Yossi Benayoun’s late goal in the Bernabéu. Steven Gerrard’s breath-taking performance in the following round. That other night in Madrid where the Reds’ legendary captain was bizarrely dropped. That fateful night in Kyiv.
Quite simply, Liverpool could not have ended up on a more nostalgic side of the draw in this season’s Champions League campaign – and I haven’t even mentioned the ghost goal, Daniel Agger’s strike at Anfield in 2007 or John Arne Riise’s ultimately costly own goal at Anfield in 2008.
It remains to be seen whether us fans will experience those feelings of elation created by the former or whether we will once again have to endure the pain of the latter. For anyone who has somehow missed it, Klopp’s men will face Real Madrid in this season’s quarter-final. Should they proceed, they will then face one of Porto or Chelsea. There’s no competition quite like the Champions League is there?
Don’t get me wrong, Liverpool’s Premier League triumph was the crowning glory of Jürgen Klopp’s illustrious time on Merseyside. My fondest memories during the German’s tenure are of some of the sensational European nights along the way.
The Premier League, particularly after 30 years, was such a build-up which was only exacerbated by Covid-19. The fact Champions League nights are few and far between makes them all the more special when it results in a famous win, and of course all the more hurtful after a crushing defeat.

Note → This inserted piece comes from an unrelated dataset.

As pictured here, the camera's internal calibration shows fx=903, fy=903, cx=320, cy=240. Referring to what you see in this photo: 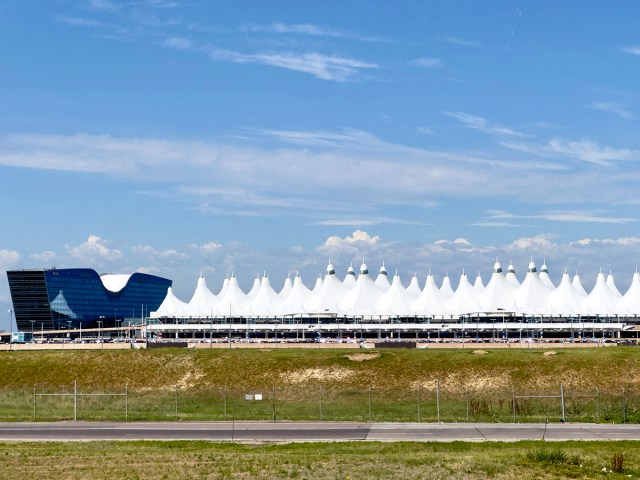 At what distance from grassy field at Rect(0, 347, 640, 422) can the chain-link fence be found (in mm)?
120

We should not yet write off Porto’s chances either, though, or assume that Liverpool will progress past Real Madrid. In a perfect world, Virgil van Dijk would have remained fit and Liverpool’s path to the final would be, by comparison to the other half of the draw, not simple but certainly easier.

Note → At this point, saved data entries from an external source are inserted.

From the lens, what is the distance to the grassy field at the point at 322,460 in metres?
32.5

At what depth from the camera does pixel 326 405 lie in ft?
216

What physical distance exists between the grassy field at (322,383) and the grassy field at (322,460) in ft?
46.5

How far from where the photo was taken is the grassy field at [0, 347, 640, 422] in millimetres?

Liverpool’s rivalry with Real Madrid stretches way back to 1981 when Bob Paisley led the Reds to European Cup number three. Their recent record, on the face of things, leaves a lot to be desired. Brendan Rodgers lost both his group games, 3-0 at home and then 1-0 away which is remembered more for his incredible decision to leave Steven Gerrard, in his final season at the club, on the bench.
The two sides’ most recent meeting is not one which will bring back very fond memories. The 3-1 defeat in Kyiv, courtesy of two Loris Karius errors and a wonder-goal marked a devastating end to a run in which Klopp’s heavy-metal football was still in full swing in comparison to the more mature approach fans have become accustomed to now.
Many may disagree but, for this writer at least, Liverpool actually performed better that night than they did in the Wanda Metropolitano the following year. They dominated the opening 30 minutes before Salah’s unfortunate injury, and Sadio Mané was unlucky not to grab his second goal later in the match after striking the post.Embed from Getty Images
It will of course be pushed by the media and commentators to an annoying point, but a score to settle does make things that bit more interesting. After their serial winning streak, the Spanish side suffered consecutive Last 16 exits at the hands of Ajax and Manchester City. At the time of writing, they sit third in La Liga and have exited the Copa Del Rey, meaning the Champions League is their only real chance of silverware.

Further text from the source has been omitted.